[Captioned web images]
* * * * * * * * *
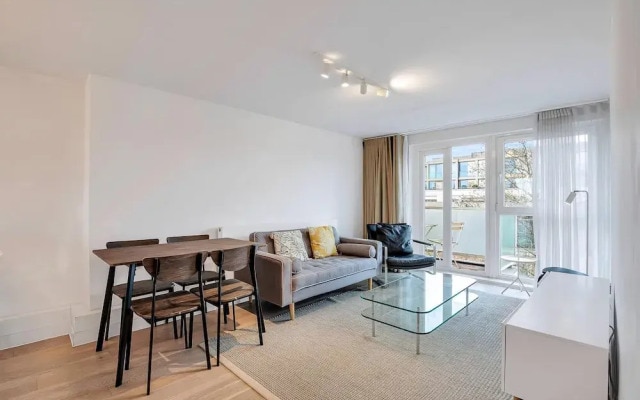 Bright and Spacious Belgravia Apartment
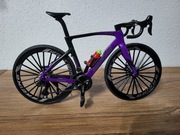 Nowy rower szosowy, szosa miniaturka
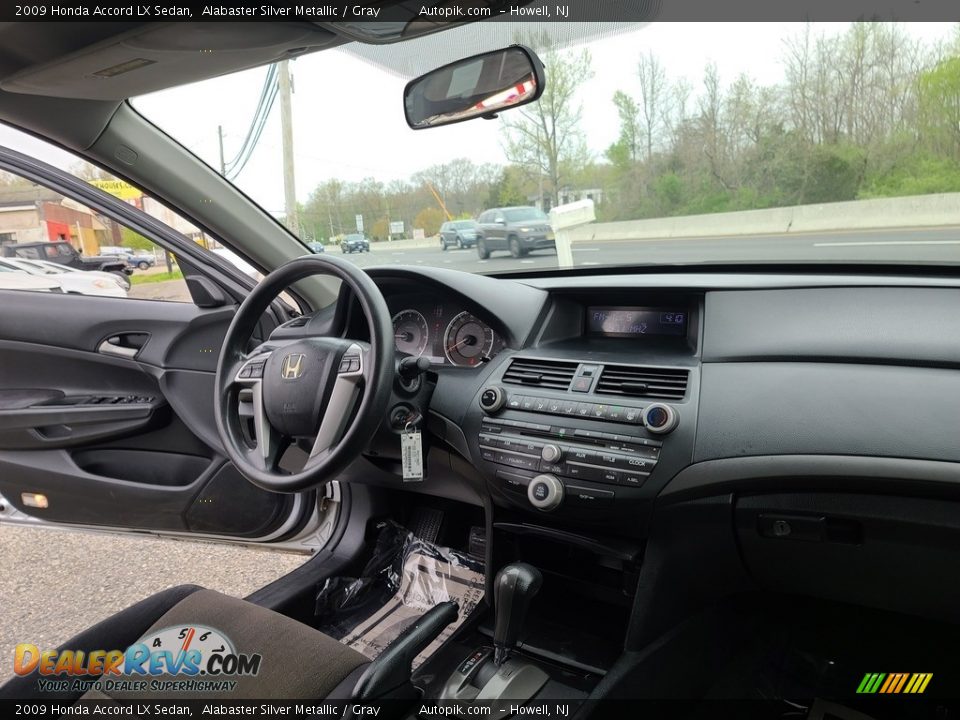 2009 Honda Accord LX Sedan Alabaster Silver Metallic / Gray Photo #14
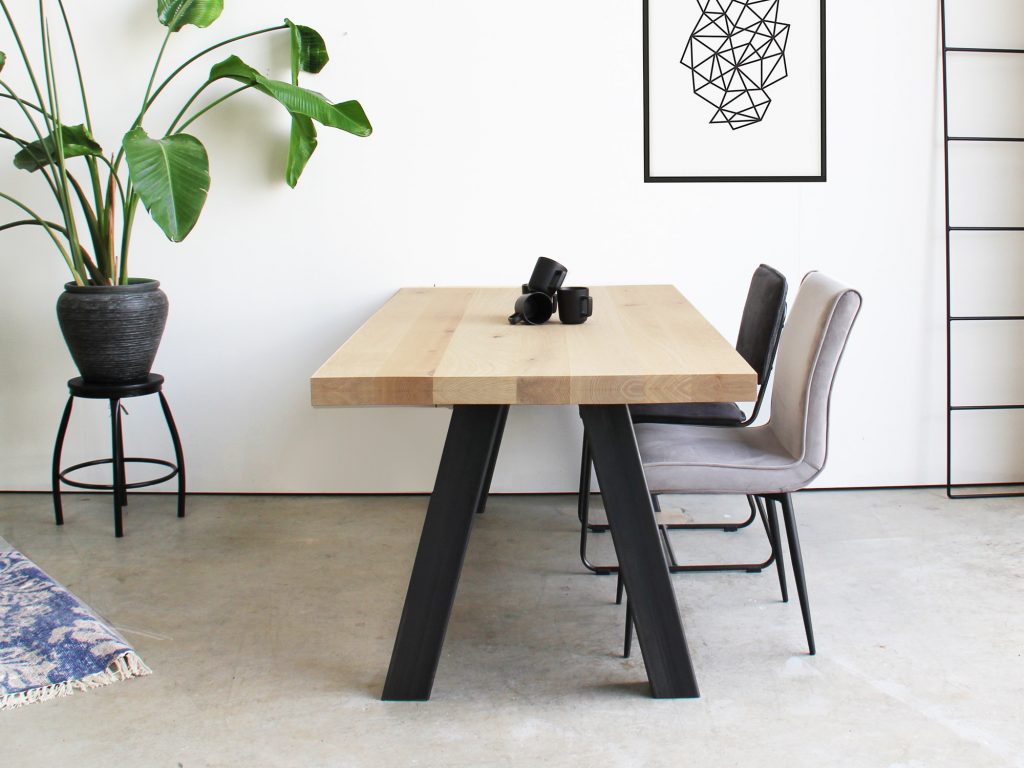 Eikenhouten Tafel met V Poot op maat gemaakt.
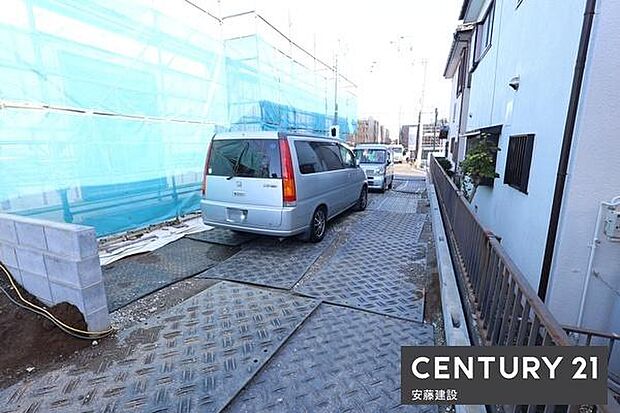 【 駐車場 / parking 】駐車3台可能なスペース内2台並列駐車可能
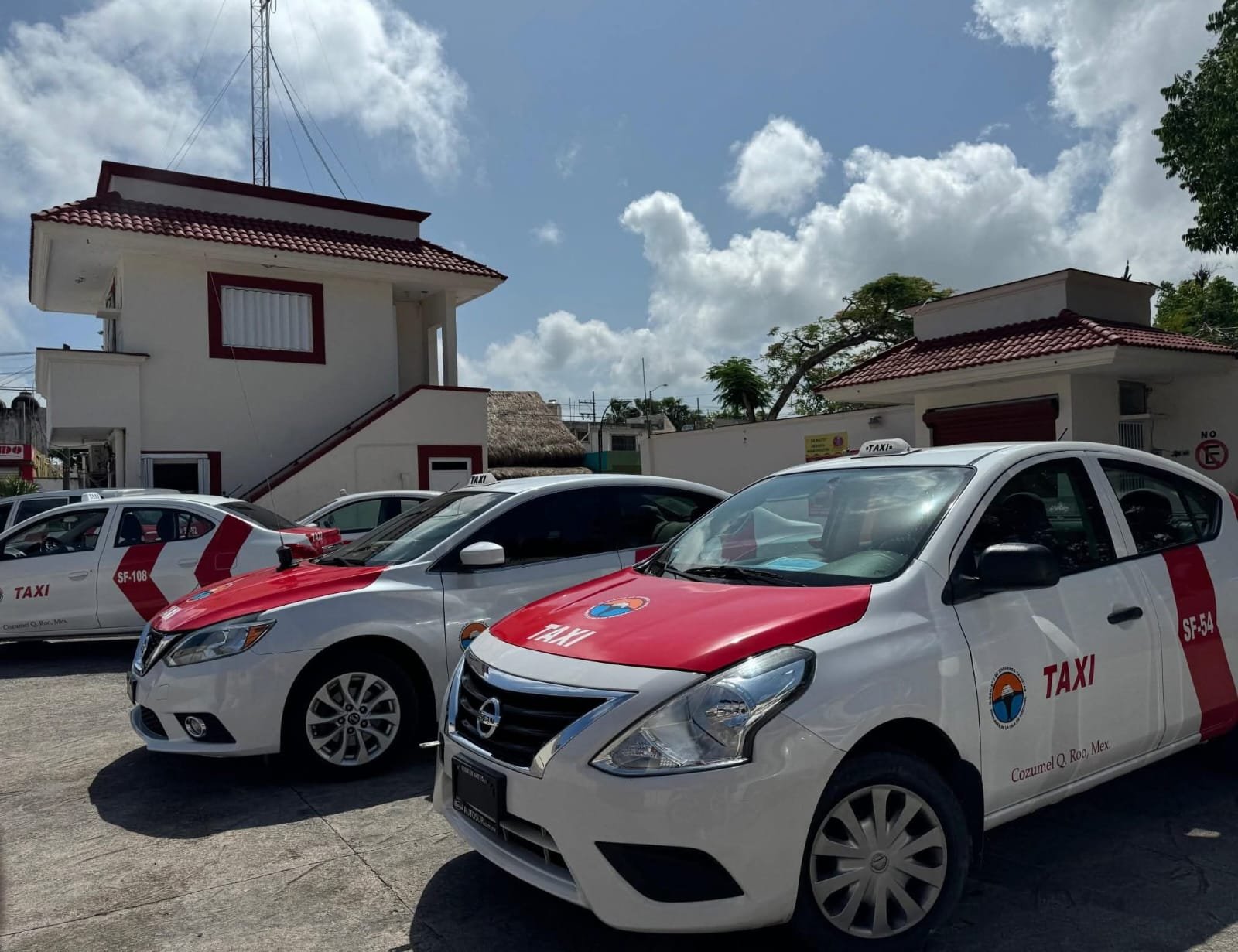 Jorge Basto, general secretary of the Cozumel taxi union, speaking about fare increases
* * * * * * * * *
What is needed is an exact copy of only the lines from the line containing "駐車場 / parking 】駐車3台可能なスペース内2台並列駐車可能" through the last line of the entries, inclusive, without the pictures.

 【 駐車場 / parking 】駐車3台可能なスペース内2台並列駐車可能
 Jorge Basto, general secretary of the Cozumel taxi union, speaking about fare increases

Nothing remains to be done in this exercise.